Methfessel returned to Rudolstadt in 1810, and spent the next twelve years as a Kammersänger and chamber musician at the Rudolstadt court. He became a particular friend of Louis Spohr, and along with three other friends they wandered together in 1818 from town to town towards the music festival at Mannheim. At Mannheim the "Travelers" were given welcome as celebrities, Spohr in particular. Spohr, then at the height of his fame, was offered a private apartment but turned it down so he could be with his friend Methfessel. Methfessel turned down a position in Prague as Kapellmeister, to which he had been recommended by Carl Maria von Weber, but 1822 saw him relocated to Hamburg as a director of music, where he also added teaching to his duties. He founded in 1823 the Hamburger Liedertafel, the first men's choir in the city. From 1825 to 1832 he was a traveling musician whose income was insecure, until such time as he decided to settle into stable employment.

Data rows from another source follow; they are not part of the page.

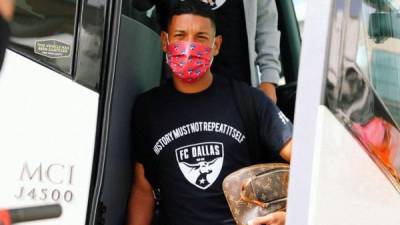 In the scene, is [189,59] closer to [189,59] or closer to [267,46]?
[189,59]

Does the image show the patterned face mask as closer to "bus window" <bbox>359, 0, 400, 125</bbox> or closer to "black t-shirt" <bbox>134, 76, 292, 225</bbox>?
"black t-shirt" <bbox>134, 76, 292, 225</bbox>

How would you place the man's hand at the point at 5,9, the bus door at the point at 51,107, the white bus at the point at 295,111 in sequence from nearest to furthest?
1. the man's hand at the point at 5,9
2. the white bus at the point at 295,111
3. the bus door at the point at 51,107

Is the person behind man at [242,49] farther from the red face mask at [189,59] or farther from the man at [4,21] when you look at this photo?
the man at [4,21]

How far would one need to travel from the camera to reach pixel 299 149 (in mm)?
1648

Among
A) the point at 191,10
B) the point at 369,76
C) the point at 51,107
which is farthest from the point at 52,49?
the point at 369,76

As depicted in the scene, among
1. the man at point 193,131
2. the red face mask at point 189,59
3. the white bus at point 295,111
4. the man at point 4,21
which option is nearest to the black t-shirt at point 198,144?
the man at point 193,131

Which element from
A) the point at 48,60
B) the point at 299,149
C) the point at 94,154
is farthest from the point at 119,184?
the point at 299,149

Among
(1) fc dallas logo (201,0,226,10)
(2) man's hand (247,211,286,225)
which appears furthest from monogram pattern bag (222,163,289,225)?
(1) fc dallas logo (201,0,226,10)

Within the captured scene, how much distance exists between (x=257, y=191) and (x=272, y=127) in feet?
0.76

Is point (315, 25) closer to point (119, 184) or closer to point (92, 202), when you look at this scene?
point (92, 202)

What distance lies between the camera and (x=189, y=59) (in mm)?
2215

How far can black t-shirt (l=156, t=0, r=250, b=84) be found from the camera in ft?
8.95

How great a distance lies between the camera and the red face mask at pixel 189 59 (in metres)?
2.21

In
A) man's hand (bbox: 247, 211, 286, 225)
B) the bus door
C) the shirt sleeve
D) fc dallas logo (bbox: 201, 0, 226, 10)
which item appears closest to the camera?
the bus door
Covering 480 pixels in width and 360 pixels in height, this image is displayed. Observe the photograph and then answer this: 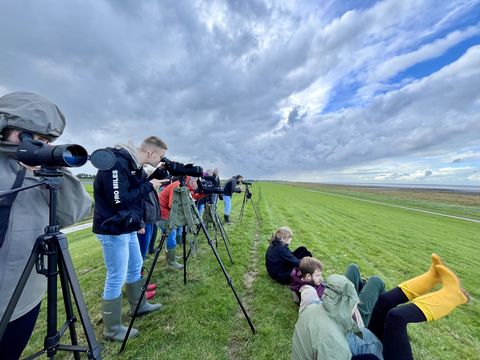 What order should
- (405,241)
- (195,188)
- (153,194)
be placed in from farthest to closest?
(405,241) < (195,188) < (153,194)

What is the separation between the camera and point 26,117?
4.82ft

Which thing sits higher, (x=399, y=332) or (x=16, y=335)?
(x=16, y=335)

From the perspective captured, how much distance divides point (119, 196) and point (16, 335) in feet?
4.62

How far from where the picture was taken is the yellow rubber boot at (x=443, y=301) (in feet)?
7.93

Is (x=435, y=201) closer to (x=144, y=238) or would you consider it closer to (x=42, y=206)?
(x=144, y=238)

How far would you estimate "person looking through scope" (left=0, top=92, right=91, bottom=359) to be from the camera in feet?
4.63

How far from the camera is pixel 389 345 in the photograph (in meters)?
2.39

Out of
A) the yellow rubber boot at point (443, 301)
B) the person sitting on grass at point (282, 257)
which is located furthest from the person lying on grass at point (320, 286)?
the yellow rubber boot at point (443, 301)

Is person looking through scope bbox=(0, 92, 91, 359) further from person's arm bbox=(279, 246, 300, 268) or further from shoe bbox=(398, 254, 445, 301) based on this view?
shoe bbox=(398, 254, 445, 301)

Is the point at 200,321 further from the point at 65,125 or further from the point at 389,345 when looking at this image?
the point at 65,125

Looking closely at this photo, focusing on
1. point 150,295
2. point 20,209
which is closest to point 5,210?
point 20,209

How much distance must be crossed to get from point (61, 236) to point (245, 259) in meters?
5.37

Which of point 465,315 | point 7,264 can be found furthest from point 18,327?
point 465,315

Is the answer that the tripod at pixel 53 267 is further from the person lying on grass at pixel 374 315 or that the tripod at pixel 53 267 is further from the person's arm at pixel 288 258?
the person's arm at pixel 288 258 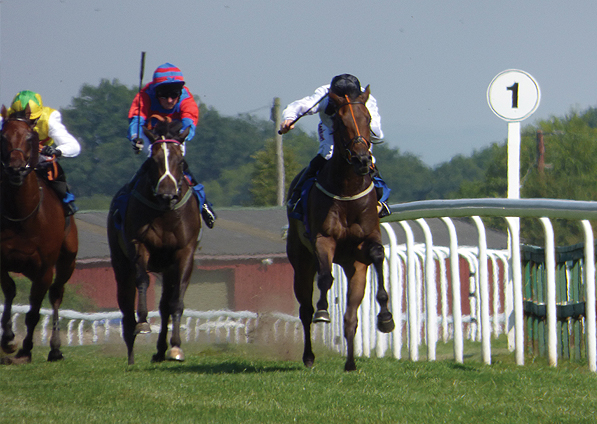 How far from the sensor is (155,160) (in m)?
7.08

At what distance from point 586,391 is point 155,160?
3.85 meters

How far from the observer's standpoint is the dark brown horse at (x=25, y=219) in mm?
7566

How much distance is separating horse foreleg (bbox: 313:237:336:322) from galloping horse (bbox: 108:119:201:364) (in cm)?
138

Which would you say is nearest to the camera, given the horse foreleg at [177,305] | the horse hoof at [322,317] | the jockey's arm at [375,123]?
the horse hoof at [322,317]

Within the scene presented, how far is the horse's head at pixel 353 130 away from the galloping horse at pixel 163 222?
60.2 inches

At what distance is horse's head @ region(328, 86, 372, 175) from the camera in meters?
6.00

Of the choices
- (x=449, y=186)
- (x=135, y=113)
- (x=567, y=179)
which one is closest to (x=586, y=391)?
(x=135, y=113)

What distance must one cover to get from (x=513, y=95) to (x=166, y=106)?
325 centimetres

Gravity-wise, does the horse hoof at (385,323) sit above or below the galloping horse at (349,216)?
below

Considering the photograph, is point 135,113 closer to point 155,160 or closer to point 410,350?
point 155,160

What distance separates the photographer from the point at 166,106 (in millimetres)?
8102

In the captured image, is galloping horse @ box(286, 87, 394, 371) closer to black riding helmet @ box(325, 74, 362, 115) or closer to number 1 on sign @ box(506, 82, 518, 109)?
black riding helmet @ box(325, 74, 362, 115)

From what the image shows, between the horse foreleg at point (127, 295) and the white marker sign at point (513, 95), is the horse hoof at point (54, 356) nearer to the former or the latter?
the horse foreleg at point (127, 295)

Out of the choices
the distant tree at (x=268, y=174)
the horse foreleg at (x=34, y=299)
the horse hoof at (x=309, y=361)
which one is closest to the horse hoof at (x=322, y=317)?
the horse hoof at (x=309, y=361) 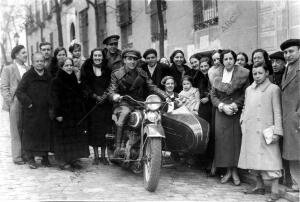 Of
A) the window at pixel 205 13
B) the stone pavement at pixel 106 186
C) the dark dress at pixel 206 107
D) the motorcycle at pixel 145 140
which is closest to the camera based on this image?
the stone pavement at pixel 106 186

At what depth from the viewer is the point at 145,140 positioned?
5.38 metres

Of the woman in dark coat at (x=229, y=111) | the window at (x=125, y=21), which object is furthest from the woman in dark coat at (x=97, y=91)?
the window at (x=125, y=21)

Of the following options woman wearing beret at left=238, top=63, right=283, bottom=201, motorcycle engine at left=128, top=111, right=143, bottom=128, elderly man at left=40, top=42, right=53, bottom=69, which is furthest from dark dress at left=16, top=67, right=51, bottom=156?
woman wearing beret at left=238, top=63, right=283, bottom=201

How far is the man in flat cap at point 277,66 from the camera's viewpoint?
545 cm

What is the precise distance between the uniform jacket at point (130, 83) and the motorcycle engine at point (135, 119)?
0.51m

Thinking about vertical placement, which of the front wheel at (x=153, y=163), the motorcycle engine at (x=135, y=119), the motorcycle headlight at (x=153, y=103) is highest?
the motorcycle headlight at (x=153, y=103)

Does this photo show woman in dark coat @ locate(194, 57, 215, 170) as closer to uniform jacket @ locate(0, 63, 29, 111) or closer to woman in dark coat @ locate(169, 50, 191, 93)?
woman in dark coat @ locate(169, 50, 191, 93)

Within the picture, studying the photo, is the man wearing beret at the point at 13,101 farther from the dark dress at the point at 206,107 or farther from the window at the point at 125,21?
the window at the point at 125,21

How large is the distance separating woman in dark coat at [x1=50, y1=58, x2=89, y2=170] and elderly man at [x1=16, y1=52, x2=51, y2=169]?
0.83 feet

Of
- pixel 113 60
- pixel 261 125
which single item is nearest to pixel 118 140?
pixel 113 60

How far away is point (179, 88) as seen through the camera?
7246mm

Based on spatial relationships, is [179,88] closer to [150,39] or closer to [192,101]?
[192,101]

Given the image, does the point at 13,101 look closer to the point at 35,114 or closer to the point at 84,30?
the point at 35,114

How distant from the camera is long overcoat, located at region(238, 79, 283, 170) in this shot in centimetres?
496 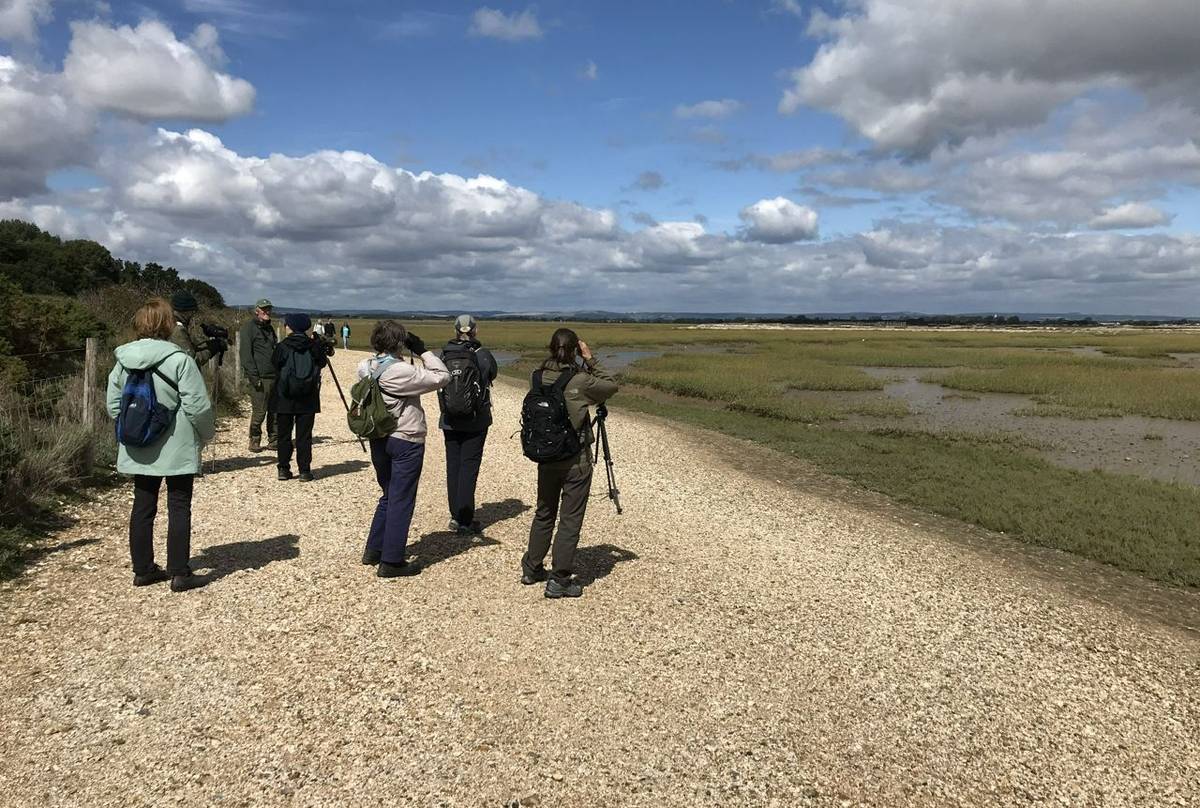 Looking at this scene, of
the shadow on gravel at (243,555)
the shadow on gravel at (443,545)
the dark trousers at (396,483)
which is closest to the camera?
the dark trousers at (396,483)

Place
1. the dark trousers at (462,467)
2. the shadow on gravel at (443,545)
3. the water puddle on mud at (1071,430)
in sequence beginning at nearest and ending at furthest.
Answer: the shadow on gravel at (443,545), the dark trousers at (462,467), the water puddle on mud at (1071,430)

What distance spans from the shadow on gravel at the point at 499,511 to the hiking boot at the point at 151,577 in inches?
124

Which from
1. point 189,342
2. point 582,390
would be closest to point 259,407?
point 189,342

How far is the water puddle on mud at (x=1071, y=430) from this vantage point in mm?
15047

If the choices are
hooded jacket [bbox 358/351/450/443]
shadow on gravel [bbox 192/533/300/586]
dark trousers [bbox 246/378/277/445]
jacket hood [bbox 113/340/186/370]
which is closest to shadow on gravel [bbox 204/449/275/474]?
dark trousers [bbox 246/378/277/445]

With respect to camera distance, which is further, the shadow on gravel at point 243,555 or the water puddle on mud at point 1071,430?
the water puddle on mud at point 1071,430

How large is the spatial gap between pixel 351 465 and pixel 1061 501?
36.7ft

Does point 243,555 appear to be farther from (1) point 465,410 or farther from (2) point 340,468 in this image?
(2) point 340,468

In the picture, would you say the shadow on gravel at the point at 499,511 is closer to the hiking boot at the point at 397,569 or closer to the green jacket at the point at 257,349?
the hiking boot at the point at 397,569

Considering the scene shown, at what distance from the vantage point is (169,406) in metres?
5.28

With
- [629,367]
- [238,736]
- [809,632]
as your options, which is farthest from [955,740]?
[629,367]

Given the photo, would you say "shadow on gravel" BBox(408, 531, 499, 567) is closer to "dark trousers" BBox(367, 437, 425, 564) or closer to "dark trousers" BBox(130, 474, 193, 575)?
"dark trousers" BBox(367, 437, 425, 564)

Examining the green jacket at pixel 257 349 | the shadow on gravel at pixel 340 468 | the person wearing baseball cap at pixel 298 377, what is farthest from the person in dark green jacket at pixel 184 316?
→ the shadow on gravel at pixel 340 468

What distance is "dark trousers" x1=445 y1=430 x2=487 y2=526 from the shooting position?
707 centimetres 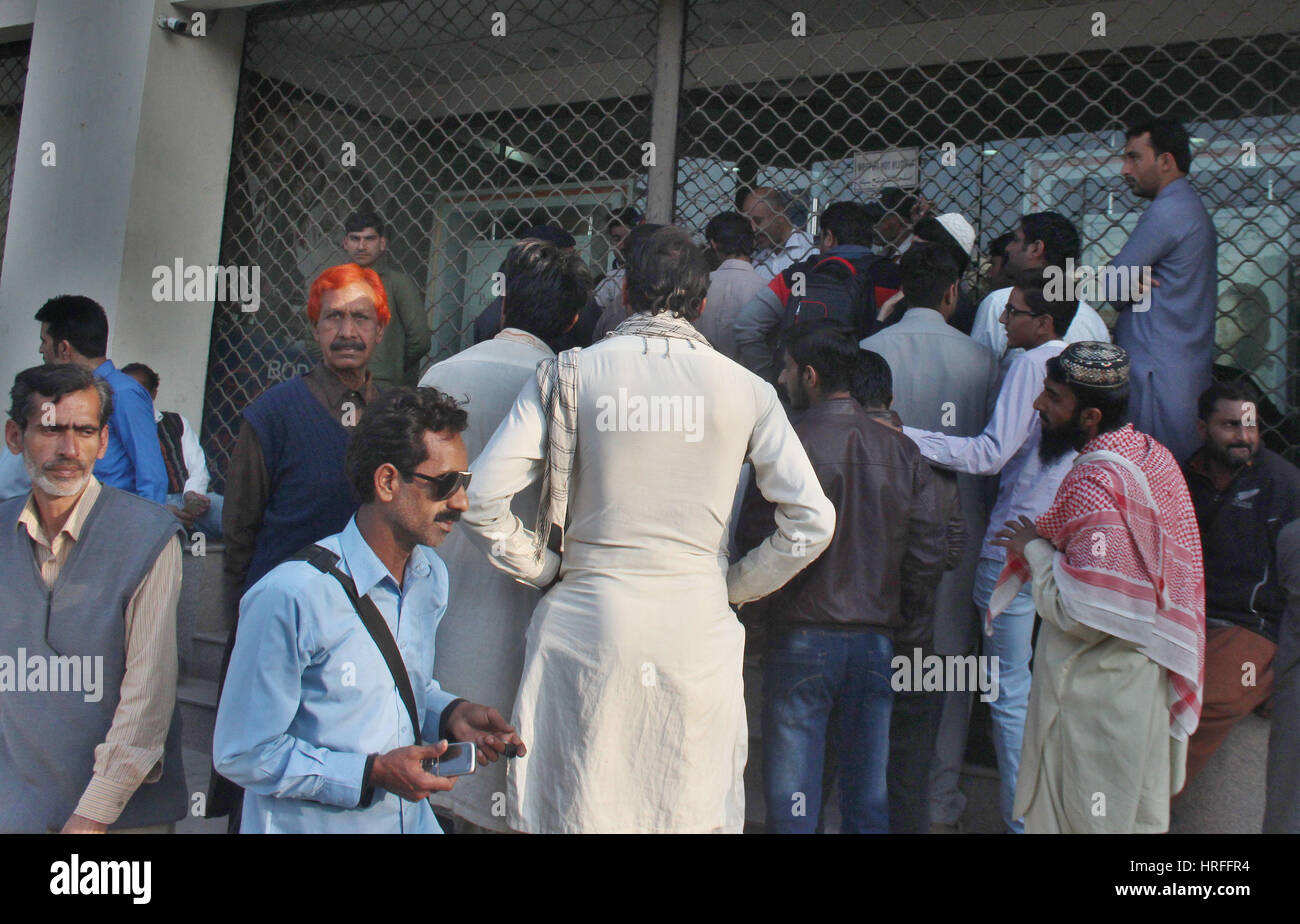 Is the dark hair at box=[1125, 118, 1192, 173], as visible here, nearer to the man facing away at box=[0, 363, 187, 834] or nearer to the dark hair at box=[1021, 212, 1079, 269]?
the dark hair at box=[1021, 212, 1079, 269]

Methfessel became Kapellmeister at Braunschweig in 1832, a position which he held until 1842. He married a singer, Louise Emilie Lehmann (1815–1854), in 1834. As Kapellmeister, one of his principal aims was to improve the quality of opera performances. He also spent some of this time as a music teacher, including piano. He was forced to resign his position of Kapellmeister as he developed a severe hearing impairment. For the rest of his life Methfessel was self-employed as a composer, music critic, and writing on music theory, although he did receive a small pension from his previous court position.

==Later life==
His wife's death in May 1854 was particularly hard on him. His sight became very weak, but his mind remained at full strength despite the loss of use of both ears and eyes. He was the composer-in-residence at the 1861 Great German Song Festival in Nuremberg, and the 1865 German Signing Association in Dresden. The city of Braunschweig held a celebration day honoring his 80th birthday on 6 October 1864. The University of Jena took the occasion to confer a Doctor of Philosophy upon him.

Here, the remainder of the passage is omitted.